Your task: From the line containing "13736 Stringfellow Rd, Bokeelia, FL 33922" through the last line of the entries below, transcribe each line exactly, excluding any picture.

[Web page caption snippets]

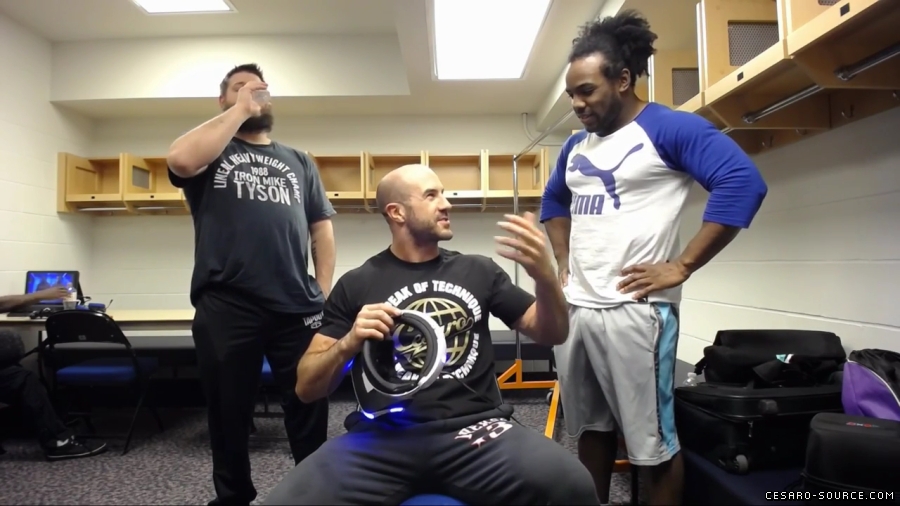 CESARO_plays_THE_LONDON_HEIST_VR_feat__KEVIN_OWENS__ROMAN_REIGNS___SAMI_ZAYN_--_mp40041.jpg
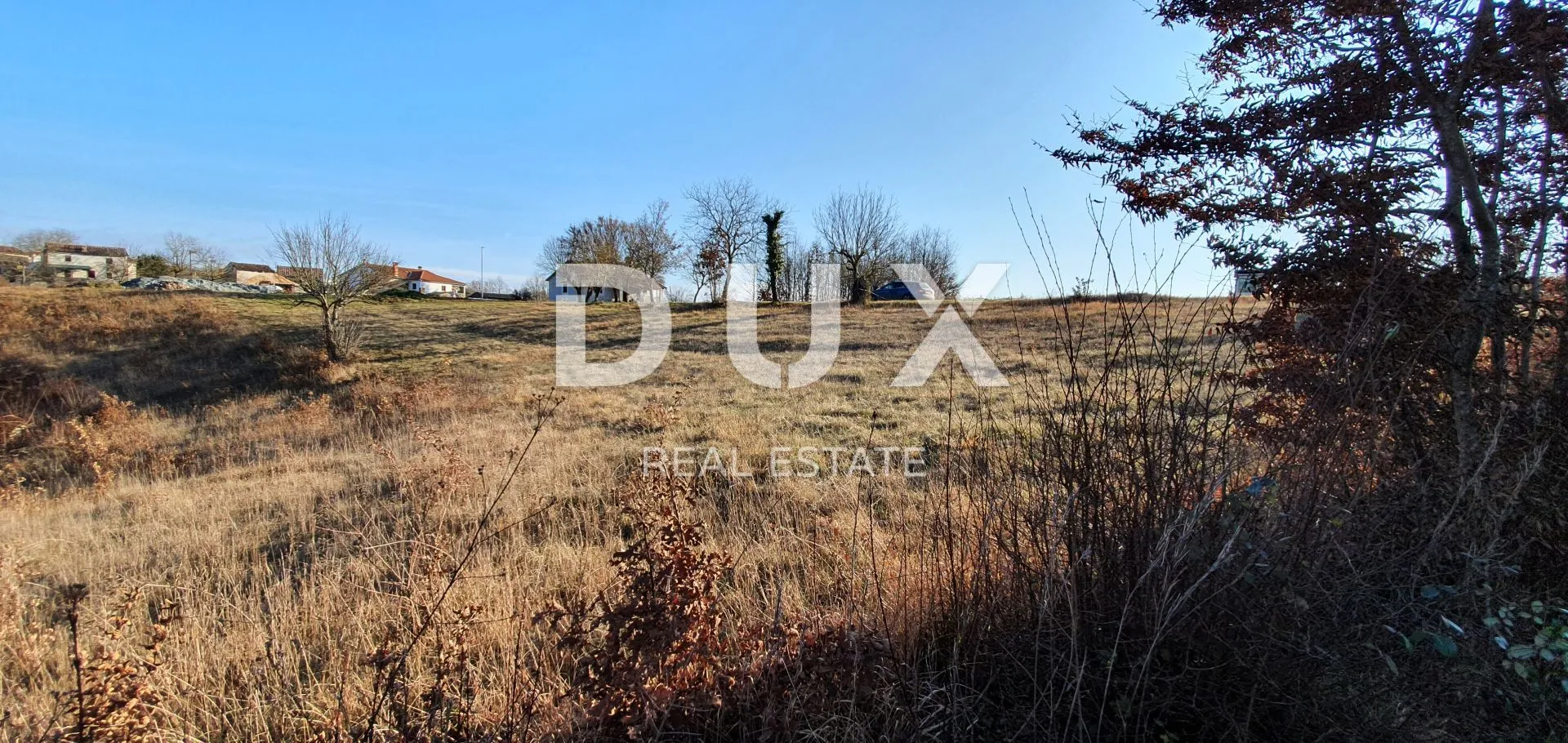 istra, gračišće - prostrano građevinsko zemljište 6000m2 - prilika za investitore - slika 12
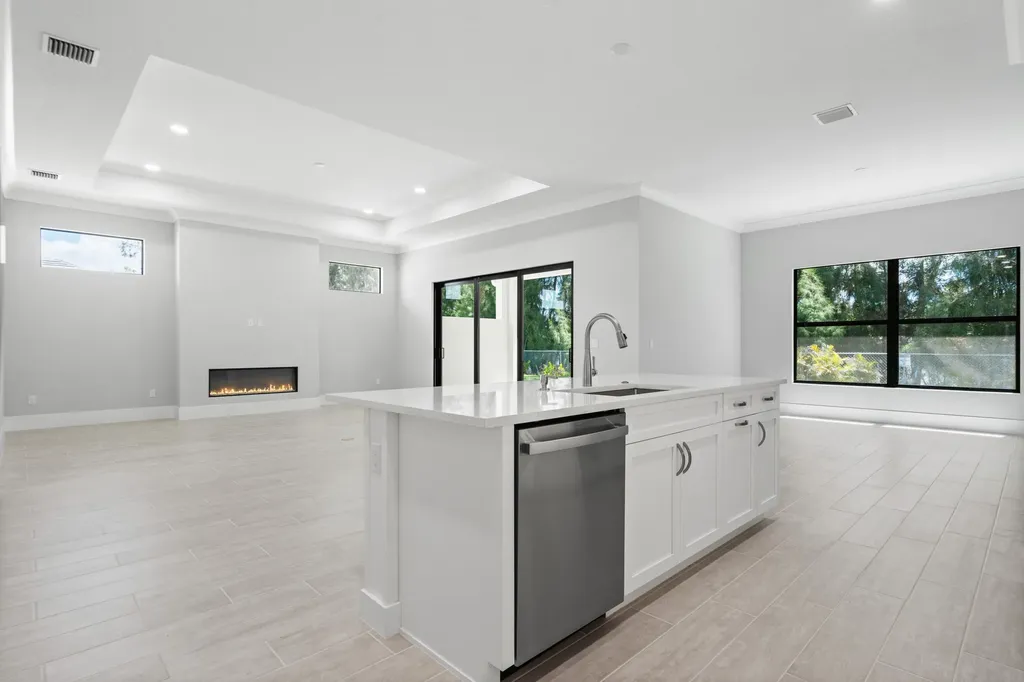 692 Ravens Landing Drive Vero Beach FL 32968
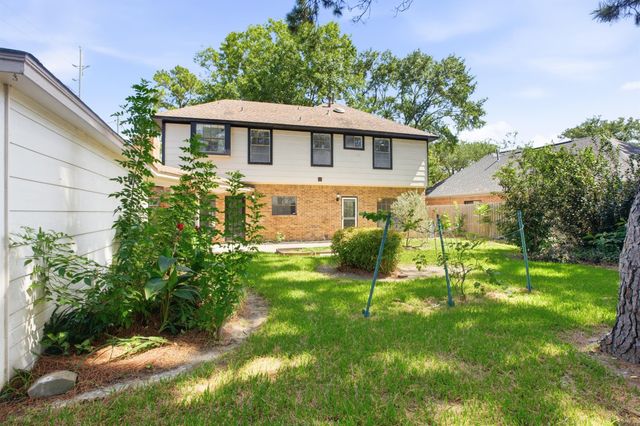 18319 Oakhampton Drive, Houston, TX 77084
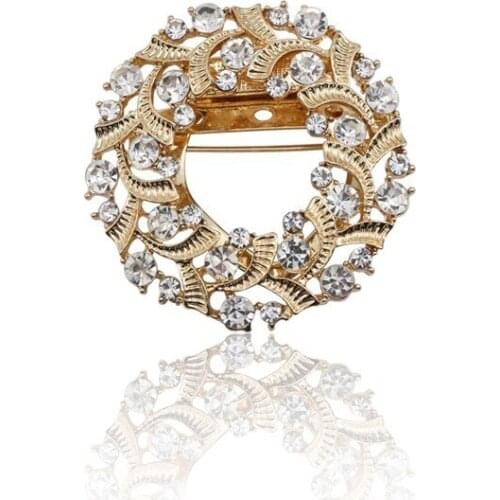 Fashionable Female Scarf Buckle Round Garland Hollow Inlay Rhinestone Pin Alloy Temperament Girl Christmas Jewelry Gift Hot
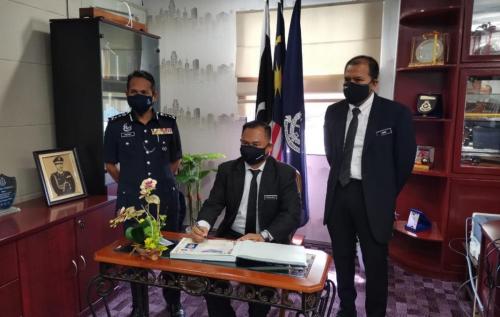 Kunjungan Hormat ke atas Ketua Polis Negeri Terengganu, YDH DCP Dato' Rohaimi bin Md Isa oleh Pengarah CGSO Terengganu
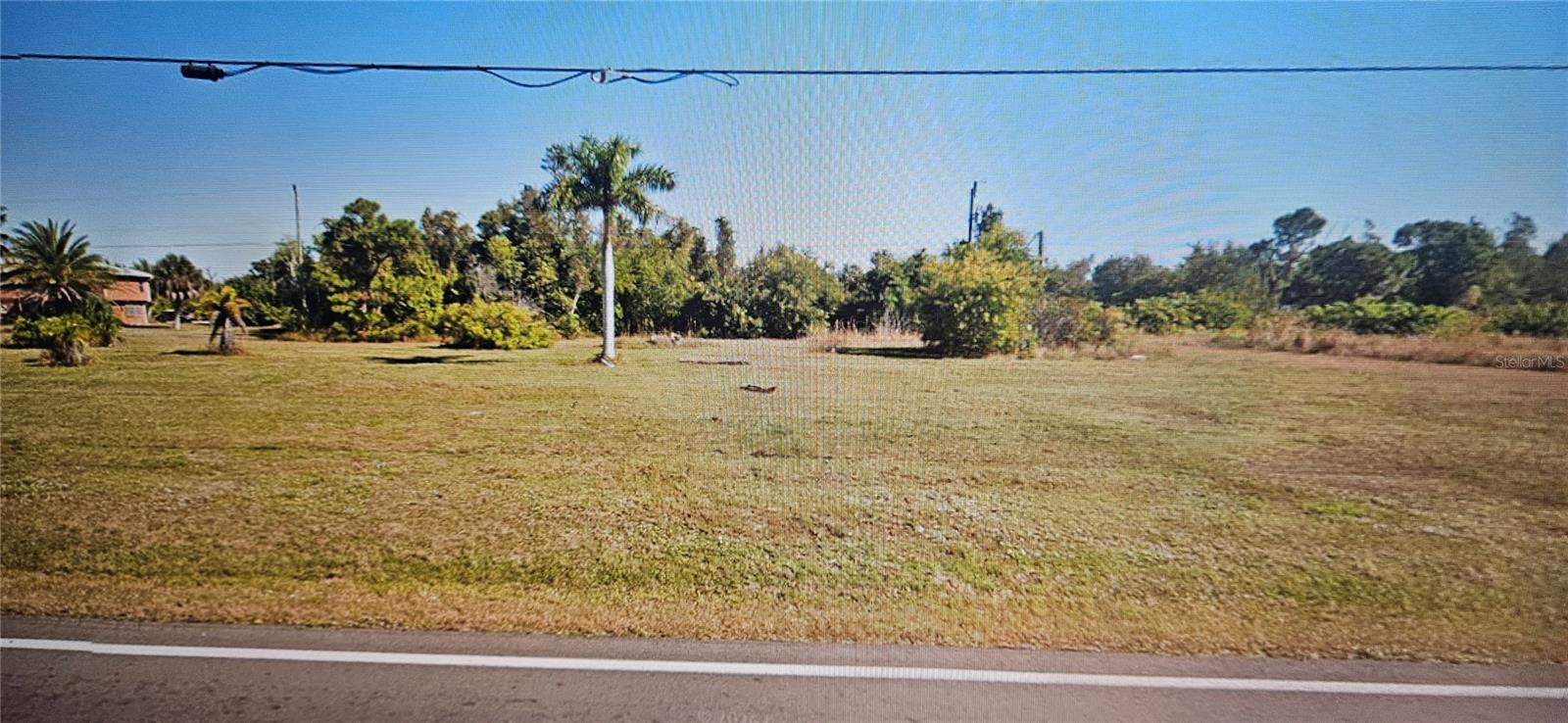 13736 Stringfellow Rd, Bokeelia, FL 33922
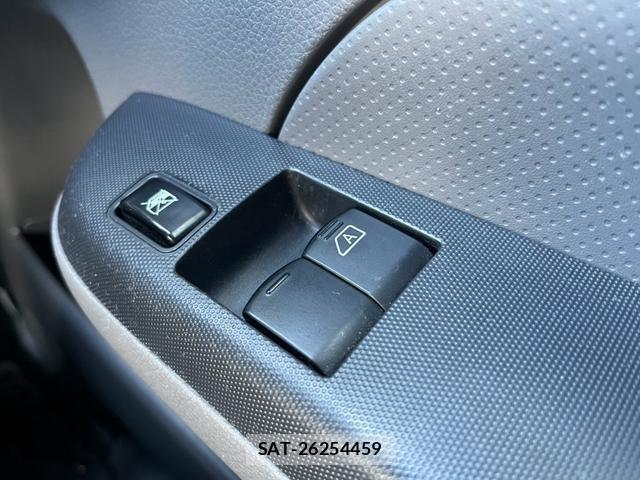 Nissan NV350 Caravan 2019-07 8769961-5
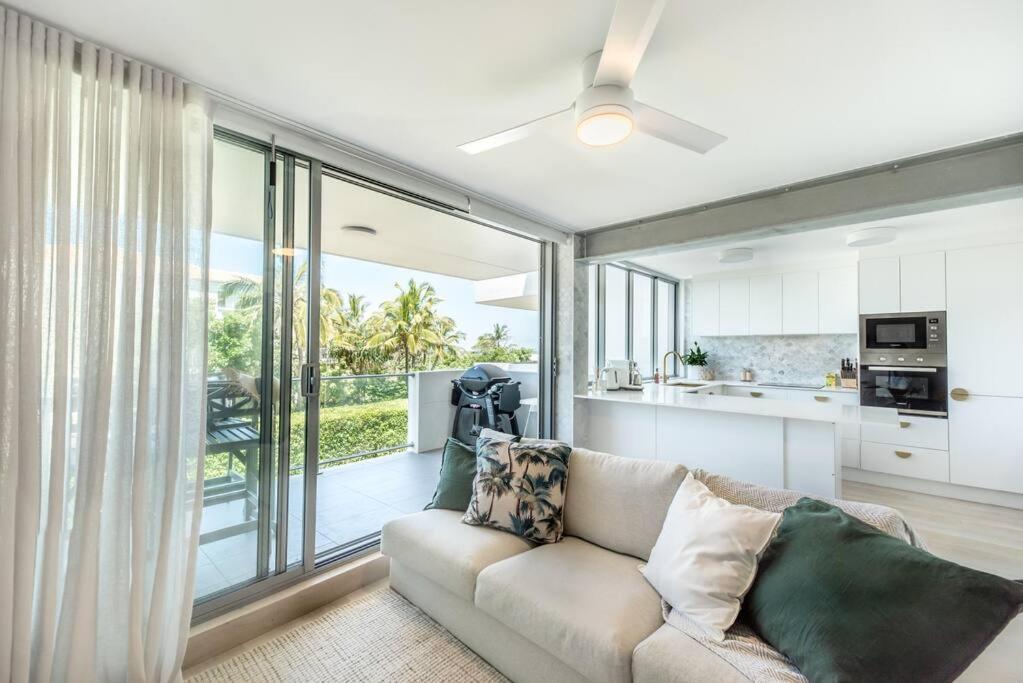 'sunrise Central', Pool, Views & 1 Min To Apartment Sunrise Beach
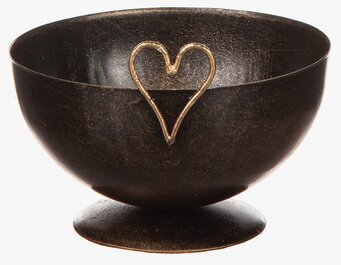 Bild av skål i hamrad plåt med hjärtformad detalj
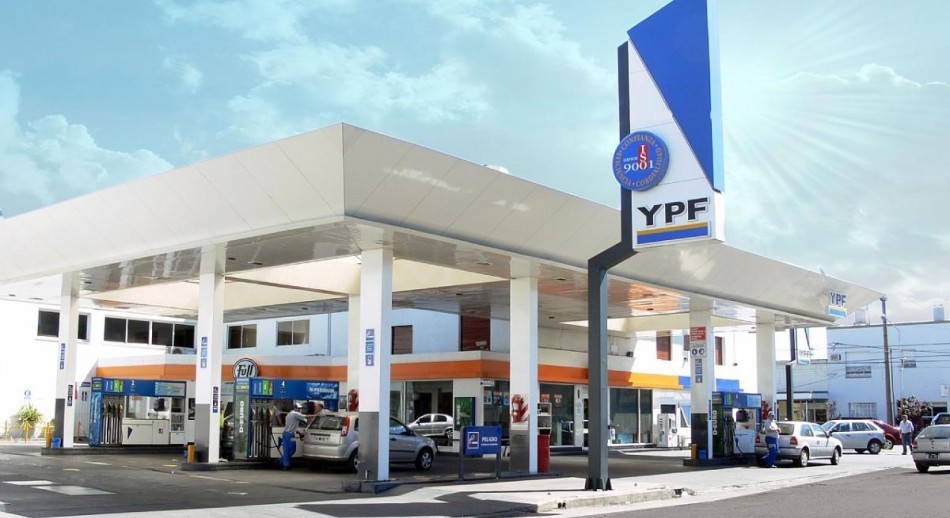 YPF aumentó 4% los combustibles tal lo acordado por las petroleras con el Gobierno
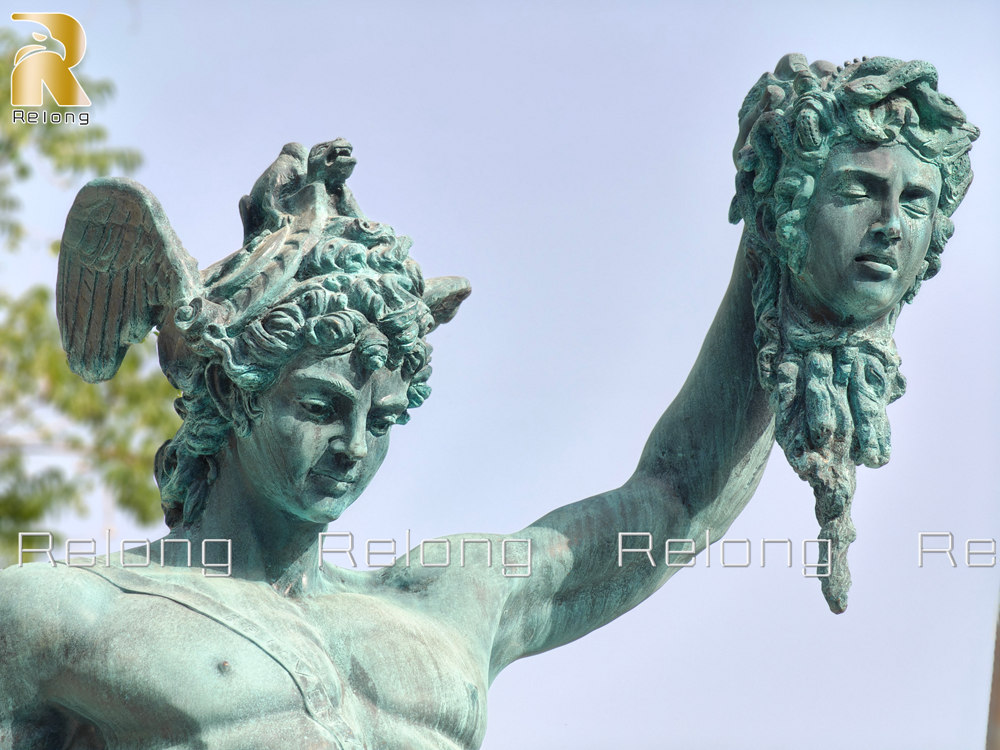 perseus holding medusa's head statue details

Result below:
 13736 Stringfellow Rd, Bokeelia, FL 33922
 Nissan NV350 Caravan 2019-07 8769961-5
 'sunrise Central', Pool, Views & 1 Min To Apartment Sunrise Beach
 Bild av skål i hamrad plåt med hjärtformad detalj
 YPF aumentó 4% los combustibles tal lo acordado por las petroleras con el Gobierno
 perseus holding medusa's head statue details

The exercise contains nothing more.